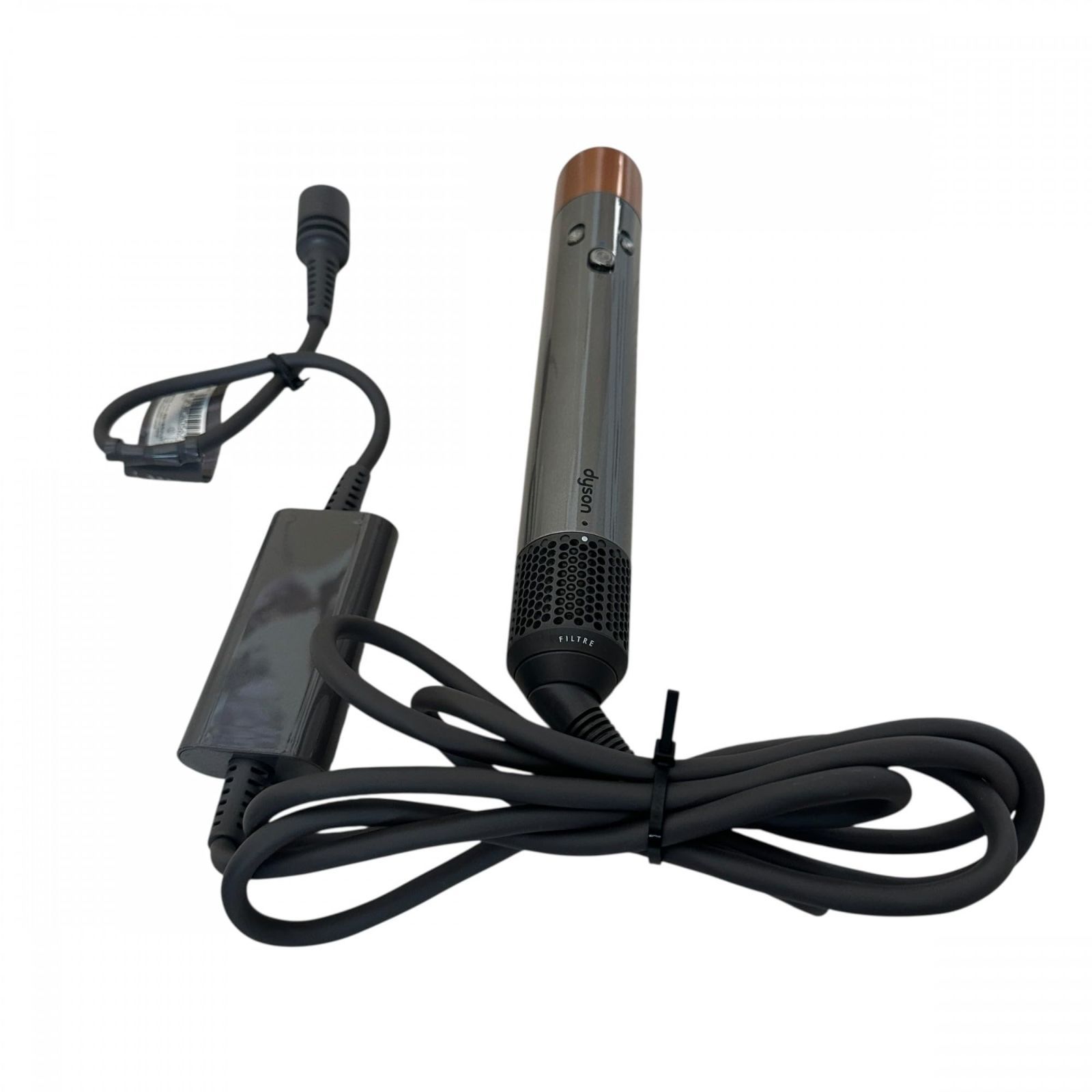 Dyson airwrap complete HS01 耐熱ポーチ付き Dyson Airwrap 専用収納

■ ■ ■ ■

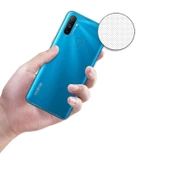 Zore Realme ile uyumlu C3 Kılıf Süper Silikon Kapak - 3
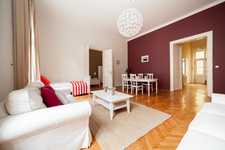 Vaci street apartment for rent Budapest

■ ■ ■ ■

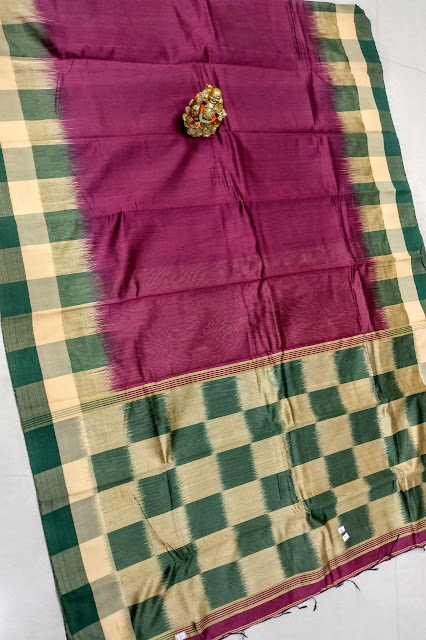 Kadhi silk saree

■ ■ ■ ■

(Your instructions)
Output only the lines above from the line that holds "Zore Realme ile" through the line that holds "Vaci street apartment for rent Budapest", both ends included, and exclude pictures.

(Answer space)
 Zore Realme ile uyumlu C3 Kılıf Süper Silikon Kapak - 3
 Vaci street apartment for rent Budapest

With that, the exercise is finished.